B2B Dangers of Snapchat

If you are unfamiliar with Snapchat, it is a mobile application that allows users to share images, video, text, or audio files for a limited time duration after opening, generally between one and ten second. After the time limit expires, the files are supposedly purged from the Snapchat cloud server.

From a business perspective, privacy and security are paramount. As such, this leads to hesitation in using any cloud computing due to sensitive data existing beyond the company firewall.

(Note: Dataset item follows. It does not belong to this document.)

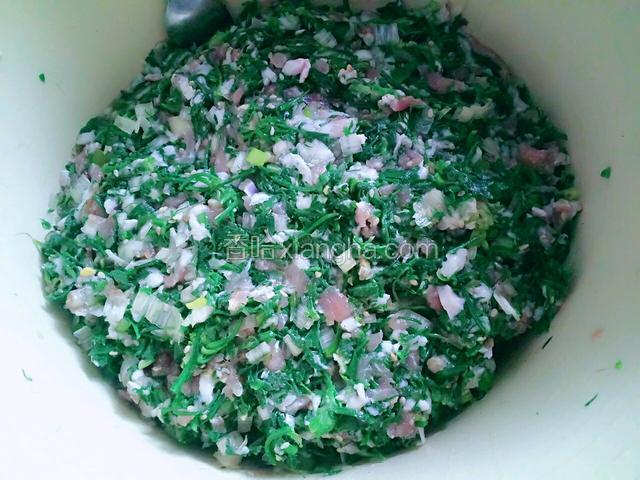 准备食材：将荠菜洗净在水里焯一下，挤净水分切碎，葱姜切碎和所有的调料拌在一起，多倒一些油，因为荠菜比较吃油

The sensitive information found in most B2B transactions, such as product launch details, changes in pricing, banking statement details, or identify personal information, is at risk for deliberate hacking security breaches (as occurred recently with BitCoin exchanges or Adobe) or unintentional leakage through misdirected traffic (as happened with the IRS and reported tax frauds).

In addition, Snapchat’s substandard encrypted data transmission opens the possibility for data mining, either by Snapchat directly or by a third-party intercepting their outbound packets. This could easily lead to devastating results with competitors able to understand input costs and overheads, profitability margins, and any proprietary efficiencies.

Beyond the server level security, the issue of end-user confidentiality arises, and cannot be easily controlled. In the first instance, there are the two options of taking a screenshot of the limited time message or taking a picture of the display with a second device. Both of these actions lead to a second, uncontrolled copy of the original message, which is problematic from a B2B perspective.

In addition, expired Snapchat photos aren’t deleted from the end-user’s device nor are they guaranteed to be deleted from the Snapchat server. Within a folder named “received_image_snaps” both as yet unviewed as well as expired images can be found and duplicated. Snapchat’s security relies on lazy/unknowledgable users from finding this directory, which in not the best method of dealing with sensitive information.

This leaves two slim methods of B2B use of Snapchat. In the first case with a trusted end user, encrypt the message prior to sending through Snapchat, and send the encryption key directly to the end user. This will act as a second layer of protection beyond that offered by Snapchat. It also protects your data in case it is not actually deleted from the cloud server once viewed. The second case is transmission of non-sensitive information, which can be undertaken without concern about enduring copies of the message.